THE RECORDS
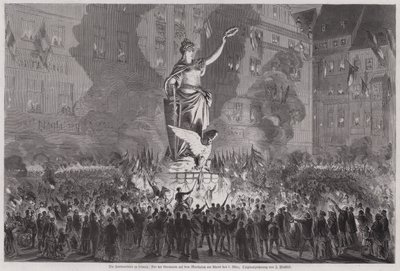 Fredsfejring foran statuen af Germania på markedspladsen i Leipzig, Tyskland, om aftenen den 5. marts 1870 (gravering) af English School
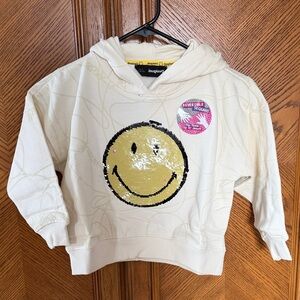 Desigual Smiley Cream Kids Hoodie with Sequin with reversible sequins size small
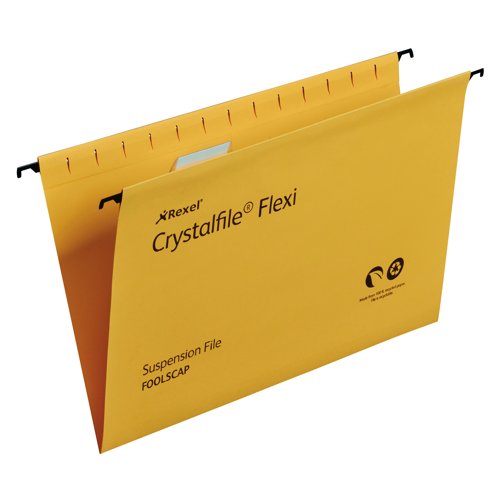 Rexel Crystalfile Flexitab Foolscap 15mm Yellow (Pack 50) 3000043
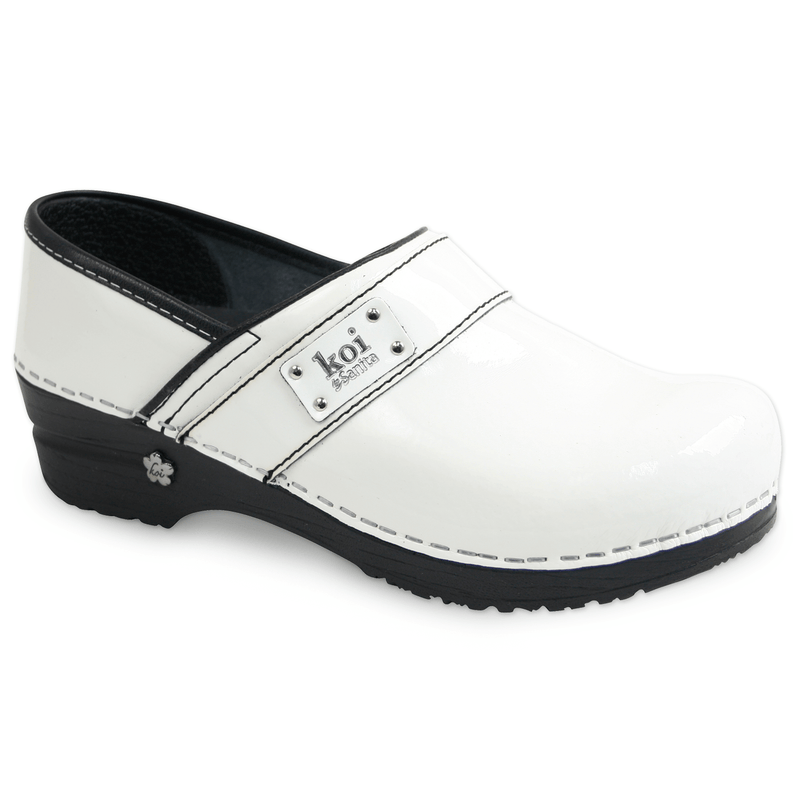 Sanita Lindsey Women's Patent Leather Chef Clog - side view white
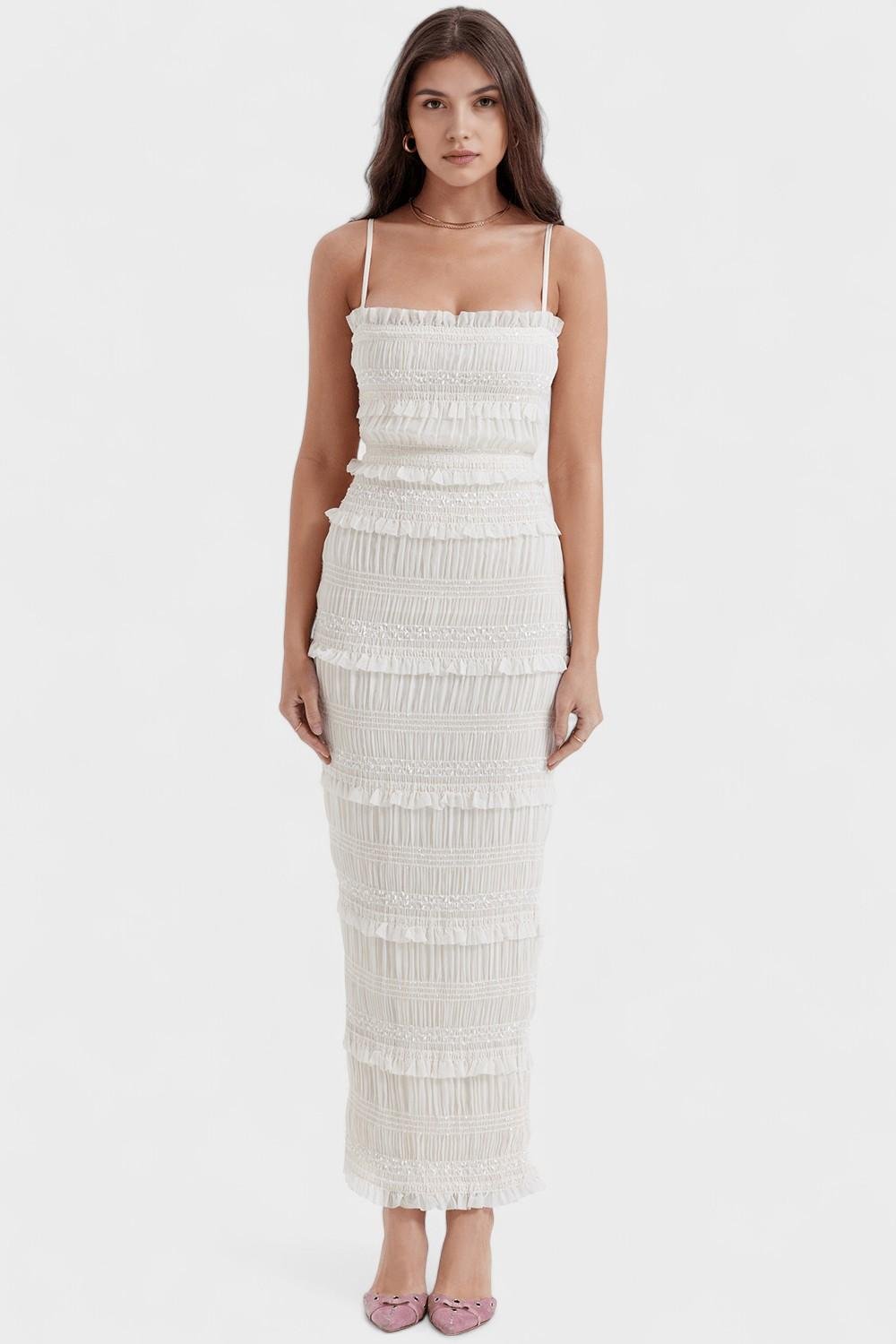 Damen Maxikleid mit fließender Silhouette aus Polyester Jully
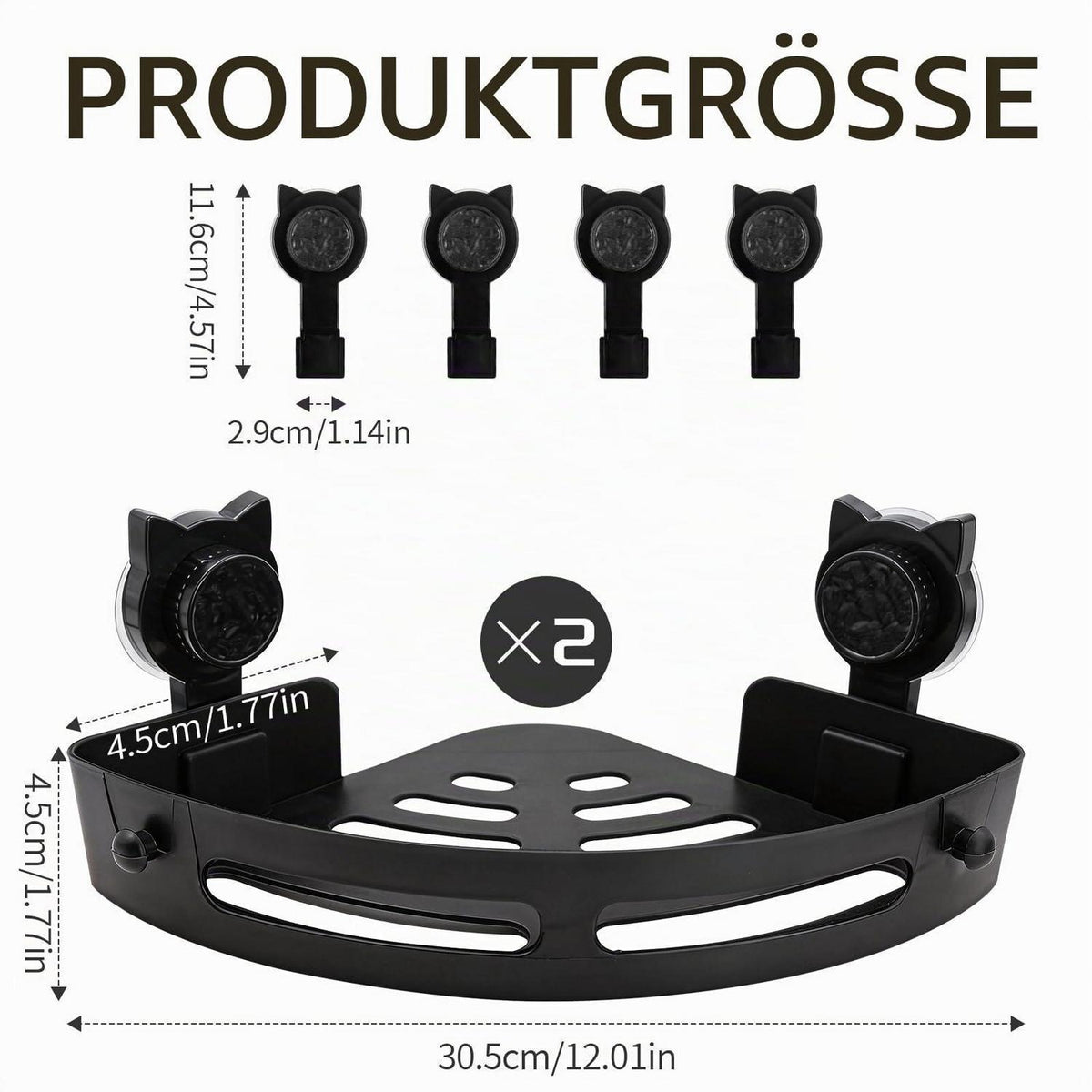 Duschablage Eckregal ohne Bohren – 2er Set Schwarz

TASK GOAL
Exactly the lines from the one containing "Damen Maxikleid mit" through the last line of the material above, both included and free of pictures, should make up your answer, please.

WRITTEN RESPONSE
 Damen Maxikleid mit fließender Silhouette aus Polyester Jully
 Duschablage Eckregal ohne Bohren – 2er Set Schwarz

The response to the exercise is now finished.